It is estimated that, at one time or another, eighty percent of people will experience it. Low Back Pain (LBP), which has reached epidemic proportions with our modern lifestyle, is most often a result of a combination of factors. When individuals understand the causes of low back pain, they can take a more active role in treating it.
Decreased Exercise and Increased Stress
Our spines were designed to be strong and flexible. A natural, healthy spine can bend two-thirds of the way into a circle and support over 50 kg of weight. It is also designed to move often, and to relax completely when it is not moving.
It is easy to see how we have departed from the spine’s natural design functions. Our modern lifestyle itself is a precondition for many of the common causes of LBP.

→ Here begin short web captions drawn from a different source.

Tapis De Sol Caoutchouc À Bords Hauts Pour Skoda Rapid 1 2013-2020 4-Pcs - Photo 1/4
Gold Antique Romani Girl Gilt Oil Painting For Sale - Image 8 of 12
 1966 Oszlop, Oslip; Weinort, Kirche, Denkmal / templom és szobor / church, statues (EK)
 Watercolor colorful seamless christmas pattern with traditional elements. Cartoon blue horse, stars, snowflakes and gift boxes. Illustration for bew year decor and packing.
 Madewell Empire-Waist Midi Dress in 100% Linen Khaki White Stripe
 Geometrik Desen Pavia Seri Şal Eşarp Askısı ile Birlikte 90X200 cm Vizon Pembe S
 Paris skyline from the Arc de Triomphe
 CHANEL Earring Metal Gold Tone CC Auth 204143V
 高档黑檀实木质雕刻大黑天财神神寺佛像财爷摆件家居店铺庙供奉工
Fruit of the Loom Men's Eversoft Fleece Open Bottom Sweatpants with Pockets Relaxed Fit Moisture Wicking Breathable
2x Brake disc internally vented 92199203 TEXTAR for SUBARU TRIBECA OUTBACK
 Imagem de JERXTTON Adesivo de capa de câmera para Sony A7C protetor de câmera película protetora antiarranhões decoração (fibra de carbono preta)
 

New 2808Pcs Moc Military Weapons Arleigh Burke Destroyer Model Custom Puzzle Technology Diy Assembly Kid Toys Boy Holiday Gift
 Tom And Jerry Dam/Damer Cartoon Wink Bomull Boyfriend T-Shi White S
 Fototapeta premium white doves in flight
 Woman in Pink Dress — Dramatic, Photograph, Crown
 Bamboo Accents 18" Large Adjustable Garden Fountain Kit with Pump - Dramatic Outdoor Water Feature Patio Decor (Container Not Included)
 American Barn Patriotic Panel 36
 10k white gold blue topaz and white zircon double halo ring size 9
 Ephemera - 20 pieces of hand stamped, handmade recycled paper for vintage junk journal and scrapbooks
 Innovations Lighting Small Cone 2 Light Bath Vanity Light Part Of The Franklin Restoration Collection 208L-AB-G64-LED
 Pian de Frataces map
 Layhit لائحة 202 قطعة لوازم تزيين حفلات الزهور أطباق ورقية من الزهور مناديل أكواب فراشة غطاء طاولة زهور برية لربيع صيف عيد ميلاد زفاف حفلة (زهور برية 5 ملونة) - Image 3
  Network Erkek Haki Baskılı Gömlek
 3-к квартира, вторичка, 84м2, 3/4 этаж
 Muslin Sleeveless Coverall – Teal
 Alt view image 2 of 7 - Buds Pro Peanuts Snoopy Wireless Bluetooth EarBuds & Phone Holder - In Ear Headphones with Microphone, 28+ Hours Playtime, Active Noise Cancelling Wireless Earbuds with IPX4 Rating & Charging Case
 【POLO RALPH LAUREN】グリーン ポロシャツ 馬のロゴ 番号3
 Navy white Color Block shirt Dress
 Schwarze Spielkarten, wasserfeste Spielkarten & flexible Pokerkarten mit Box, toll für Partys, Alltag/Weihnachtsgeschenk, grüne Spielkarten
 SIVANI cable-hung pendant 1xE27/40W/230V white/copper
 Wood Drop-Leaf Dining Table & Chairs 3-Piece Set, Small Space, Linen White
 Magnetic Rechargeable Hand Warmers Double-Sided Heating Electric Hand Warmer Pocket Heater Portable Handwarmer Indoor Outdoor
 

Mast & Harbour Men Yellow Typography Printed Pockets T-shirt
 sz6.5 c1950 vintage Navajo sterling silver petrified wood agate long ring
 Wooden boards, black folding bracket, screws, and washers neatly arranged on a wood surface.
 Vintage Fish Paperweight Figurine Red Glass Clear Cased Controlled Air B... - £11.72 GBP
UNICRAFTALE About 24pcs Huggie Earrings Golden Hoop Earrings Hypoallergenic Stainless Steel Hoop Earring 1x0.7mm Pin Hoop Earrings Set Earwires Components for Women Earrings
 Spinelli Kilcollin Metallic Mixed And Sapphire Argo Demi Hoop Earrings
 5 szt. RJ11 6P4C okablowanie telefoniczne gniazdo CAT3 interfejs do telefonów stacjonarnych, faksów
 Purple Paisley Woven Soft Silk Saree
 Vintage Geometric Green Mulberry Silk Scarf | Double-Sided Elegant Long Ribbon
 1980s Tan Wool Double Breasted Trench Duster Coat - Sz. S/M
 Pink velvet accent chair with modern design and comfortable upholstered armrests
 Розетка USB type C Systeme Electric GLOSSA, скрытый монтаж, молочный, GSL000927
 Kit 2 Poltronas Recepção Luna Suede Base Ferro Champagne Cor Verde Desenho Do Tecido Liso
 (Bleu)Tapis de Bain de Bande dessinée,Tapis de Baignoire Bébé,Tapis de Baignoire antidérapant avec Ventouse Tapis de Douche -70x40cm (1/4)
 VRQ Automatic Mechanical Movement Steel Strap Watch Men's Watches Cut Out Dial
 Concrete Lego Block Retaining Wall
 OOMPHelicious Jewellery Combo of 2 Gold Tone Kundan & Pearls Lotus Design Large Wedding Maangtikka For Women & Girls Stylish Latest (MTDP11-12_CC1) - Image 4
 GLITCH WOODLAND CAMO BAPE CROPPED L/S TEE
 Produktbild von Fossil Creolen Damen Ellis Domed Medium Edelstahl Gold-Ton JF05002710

Most of us do not exercise the lower portion of our spine in a full range of motion on a daily basis. Few of us fully relax our low back even when we’re not moving. We may be sitting at a desk or car, but the stress within us keeps our muscles in a state of tension.
When we do exercise it is too often without proper muscle preparation or good technique. We go out with great enthusiasm and often literally “break our back” playing weekend athlete or gardener, or trying to “keep up” in an exercise class. We expect a lot of our lower back and spine without giving it the daily attention it needs to remain strong and flexible.
Common Reasons for Low Back Pain
The most common causes for LBP are related to conditions that we can do something about.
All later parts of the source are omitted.